Sister Atom Bomb of Courteous Debateakiko on February 21st, 2009 08:59 pm (UTC)
Alternatively, you can buy a head of red-leaf lettuce, for example, and pick off a leaf or two, wash and shred it, and put the rest back into the fridge. (And by "shred," I mean rip into smallish pieces.)

And buying pre-packaged anything adds unnecessary costs, so I avoid those myself.
Squidceph on February 21st, 2009 11:11 pm (UTC)
Hm--are you comparing things based solely on caloric value, here? From a caloric standpoint you could certainly live very cheaply on ramen and peanut butter, but the cost in health would hardly be worth the savings in money.

Hell, I'm on a grad student salary now and I spend the small extra amount required to get fresh fruit and veg. I'd suggest looking for other places to save before you go replacing your tofu with Nutella. :)
Coraa: food lovecoraa on February 22nd, 2009 11:14 pm (UTC)
Seconded the people who point out that buying non-prewashed prebagged veggies will drop the cost considerably.

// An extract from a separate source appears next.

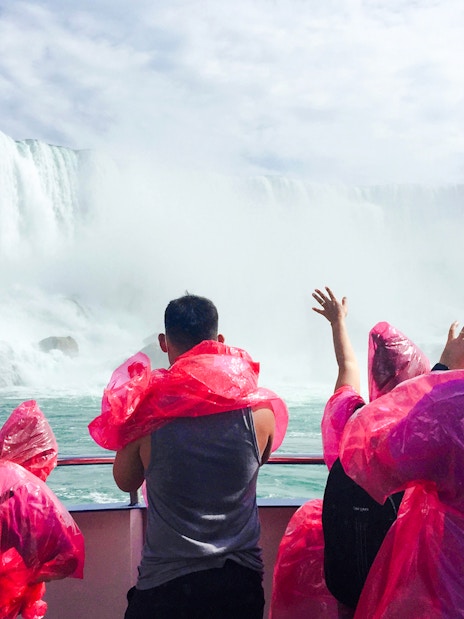 Visitors in red ponchos on a boat near Niagara Falls, Canada.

The other thing that can drop the cost is buying vegetables in season. (This is especially true at the farmer's market, but I've even found it to be true in grocery stores.) Many greens are not in season right now, so I'm making my veggie dishes out of kale and chard and mustard greens for much cheaper. (Although baby spinach and arugula will be coming into season soon-ish.) Broccoli and cabbage-type veg are also not too pricey right now, and you can make a fantastic salad out of shredded brussels sprouts or shredded cabbage (like cole slaw, but you can use any dressing/topping/additions you want, not just standard cole slaw dressing -- I like sesame soy dressing on them). Lots of nutrients, too.

I've been making very tasty kale chips: tear some kale into bite-sized portions, toss them with a little bit of oil and salt (say, 1 tbsp oil per 4-ish large kale leaves and pinch or two of salt) and a sprinkling of vinegar (say, another tbsp) if you like vinegar-y chips. Put on a cookie sheet or in an oven-safe pan in a preheated 350F oven and bake for 10 minutes, stirring once at the halfway point. If they're not crispy yet, put them back in for another 5 minutes.